Indian law on matters pertaining to marriage, divorce and succession are governed by personal laws. In Muslim matrimonial mattesr, the laws on a Muslim woman’s right to maintenance are clearly laid down. In August 2010, the Delhi High Court ruled that a Muslim man is liable to pay maintenance, to his ex-wife and minor children, until she remarries. Further, the court held that a divorced Muslim woman is entitled to maintenance under the Criminal Procedure Code. The court further said that this is applicable regardless of the provisions of the Muslim law. Muslim law also provides that a person is liable to pay maintenance to his divorced wife, only for the Iddat period (nearly 3 months after dissolution of the marriage).

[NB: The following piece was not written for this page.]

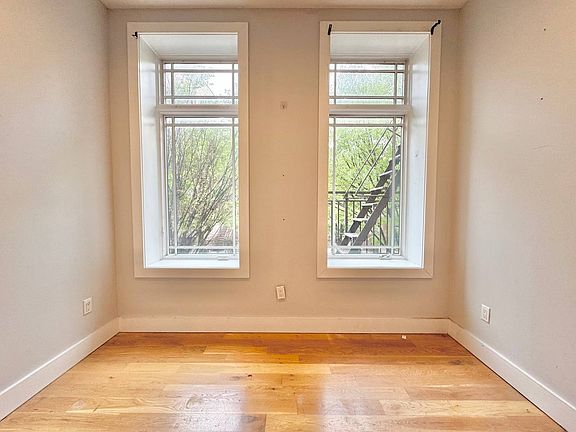 4th image of 717 Dekalb Ave APT 2F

Indian Law: Section 125, Cr PC is applicable to Divorced Muslim Women
The verdict was given by the Delhi High Court while rejecting a petition filed by a Muslim husband, challenging the orders of a subordinate court. The lower court directed him to pay Rs.2, 000 per month, to his minor daughter, who lives with her mother. Further, the subordinate court held that the Muslim husband was liable to provide maintenance, not only to his estranged wife, but also to his minor children. However, the Muslim husband contended that the entitlement to the right to maintenance for minor children comes to an end, after the completion of 2 years of divorce, under the Muslim law.
The Delhi High Court held that a divorced Muslim woman shall be entitled to claim maintenance from his ex-husband, till she is remarried. Also, the benefits under the provisions of section 125 of the Cr PC are applicable to divorced Muslim women.
While dismissing the plea, Justice S.N. Dhingra stated that the contention was baseless. It was pointed out that even a Muslim woman whose marriage has been dissolved, under Muslim law, is entitled to maintenance, beyond the Iddat period, according to the Criminal Procedure Code, and this will continue till her remarriage. Also, it was held that minor children cannot be deprived of the benefits because of any restrictive stipulation, under the Muslim Women (Protection of Rights on Divorce) Act, 1986.